Every line from the one containing "Groovy Le Tits" to the end of the data below should be copied exactly, but pictures should not.

Dataset —
....

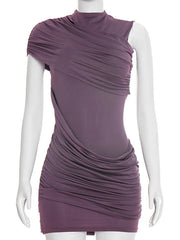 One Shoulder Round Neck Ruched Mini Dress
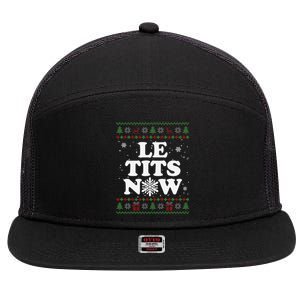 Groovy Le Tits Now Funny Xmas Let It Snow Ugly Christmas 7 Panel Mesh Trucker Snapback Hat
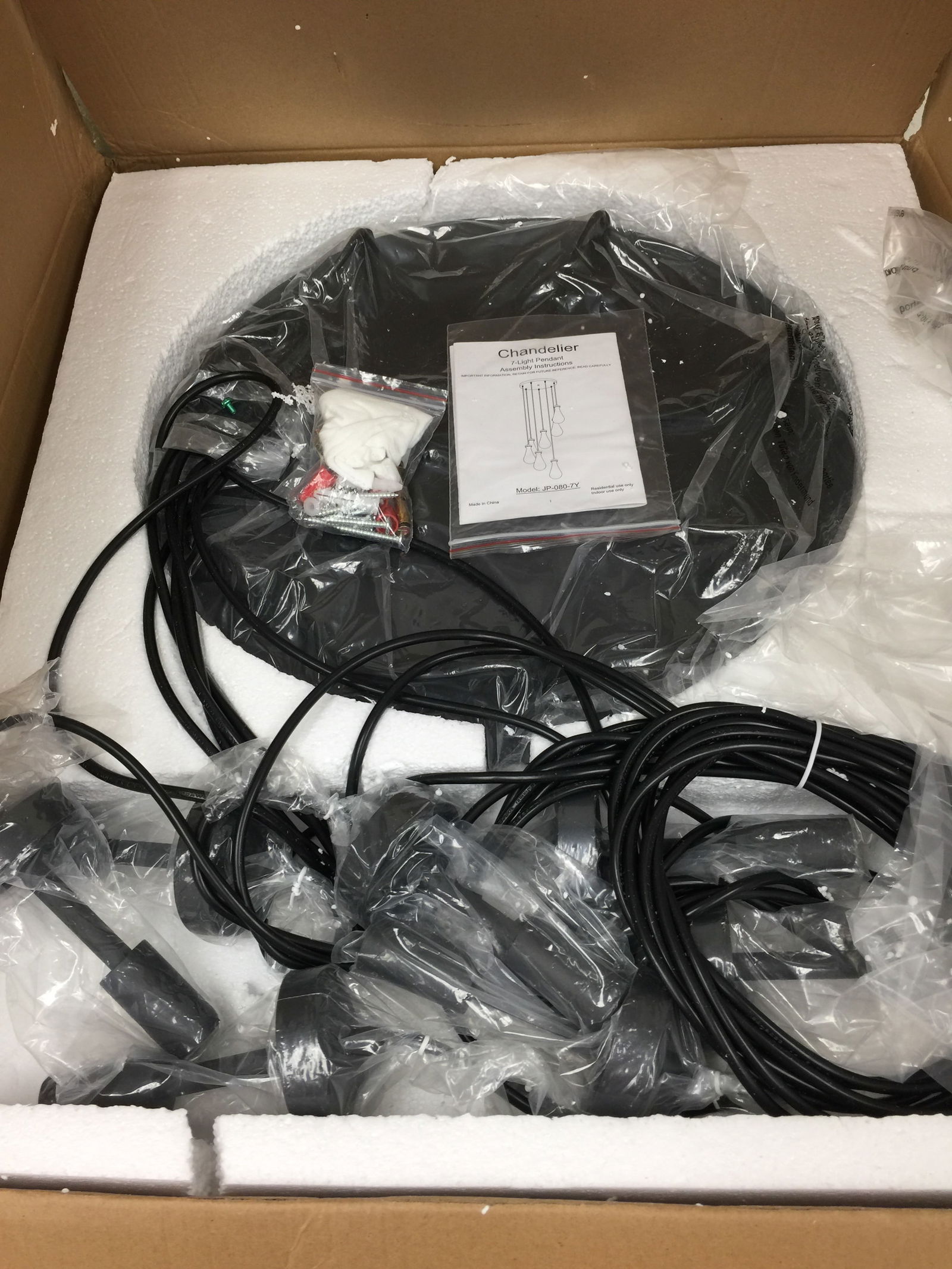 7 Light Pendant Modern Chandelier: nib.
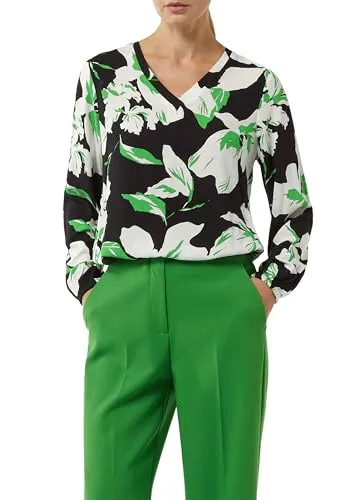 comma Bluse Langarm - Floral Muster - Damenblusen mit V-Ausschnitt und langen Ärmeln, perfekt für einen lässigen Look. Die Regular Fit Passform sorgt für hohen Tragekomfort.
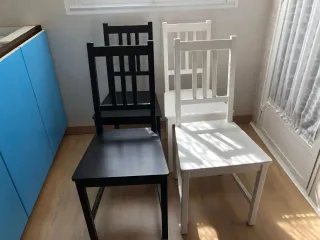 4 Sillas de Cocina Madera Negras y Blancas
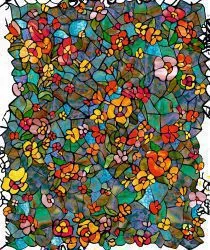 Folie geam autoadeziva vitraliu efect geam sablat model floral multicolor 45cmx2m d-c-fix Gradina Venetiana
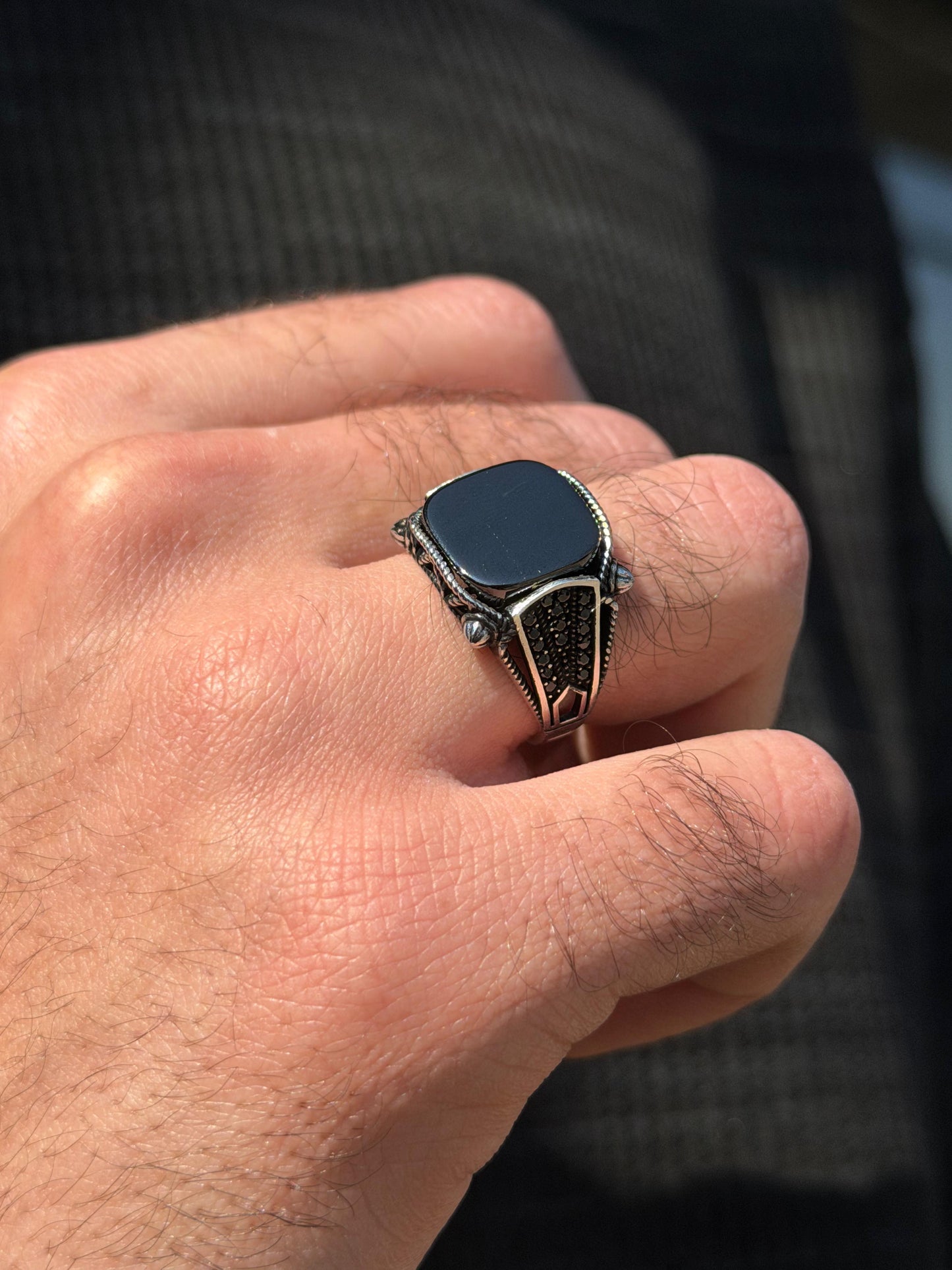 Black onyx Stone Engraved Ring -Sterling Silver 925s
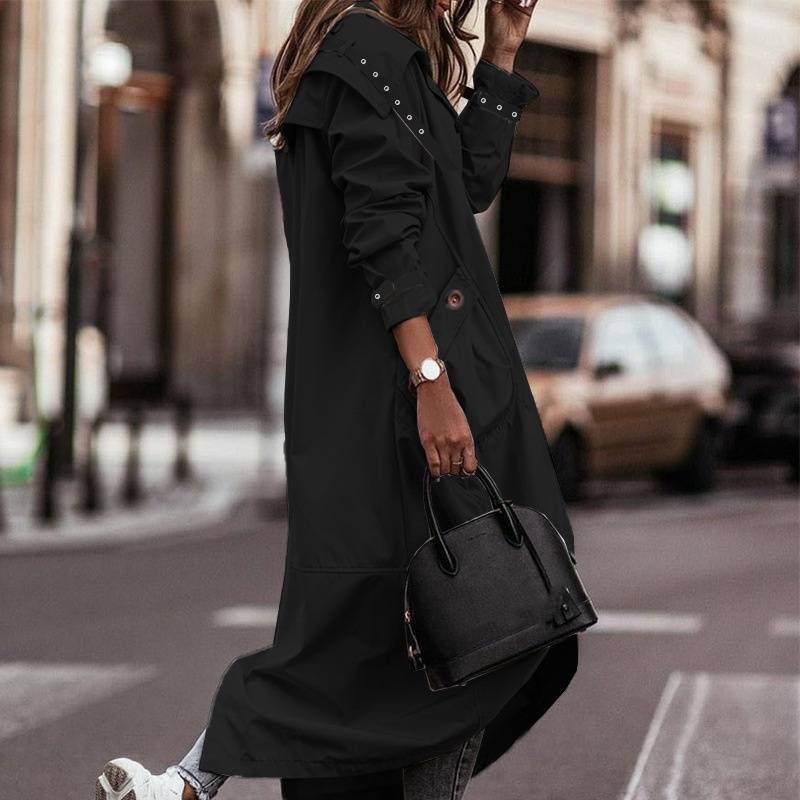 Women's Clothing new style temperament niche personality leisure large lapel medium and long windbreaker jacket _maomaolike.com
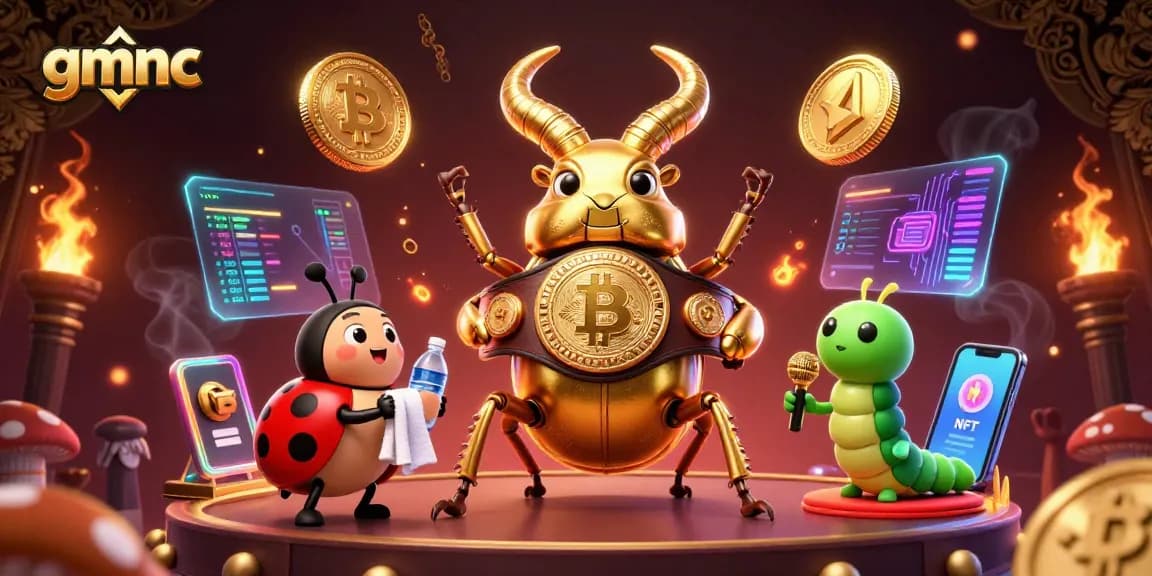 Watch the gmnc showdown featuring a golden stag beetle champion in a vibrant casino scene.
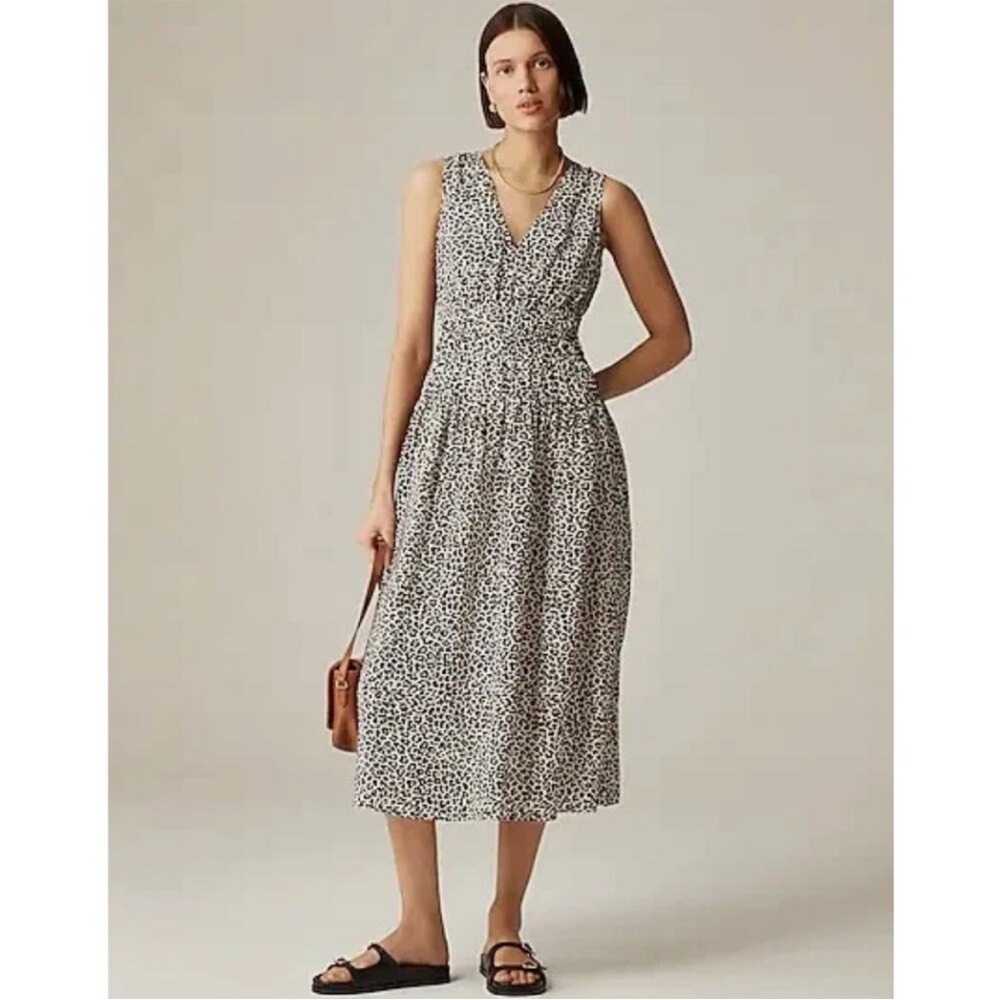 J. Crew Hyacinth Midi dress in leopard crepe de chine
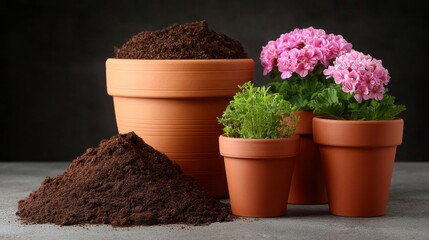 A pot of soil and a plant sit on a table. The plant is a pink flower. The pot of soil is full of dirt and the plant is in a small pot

....

Expected answer —
 Groovy Le Tits Now Funny Xmas Let It Snow Ugly Christmas 7 Panel Mesh Trucker Snapback Hat
 7 Light Pendant Modern Chandelier: nib.
 comma Bluse Langarm - Floral Muster - Damenblusen mit V-Ausschnitt und langen Ärmeln, perfekt für einen lässigen Look. Die Regular Fit Passform sorgt für hohen Tragekomfort.
 4 Sillas de Cocina Madera Negras y Blancas
 Folie geam autoadeziva vitraliu efect geam sablat model floral multicolor 45cmx2m d-c-fix Gradina Venetiana
 Black onyx Stone Engraved Ring -Sterling Silver 925s
 Women's Clothing new style temperament niche personality leisure large lapel medium and long windbreaker jacket _maomaolike.com
 Watch the gmnc showdown featuring a golden stag beetle champion in a vibrant casino scene.
 J. Crew Hyacinth Midi dress in leopard crepe de chine
 A pot of soil and a plant sit on a table. The plant is a pink flower. The pot of soil is full of dirt and the plant is in a small pot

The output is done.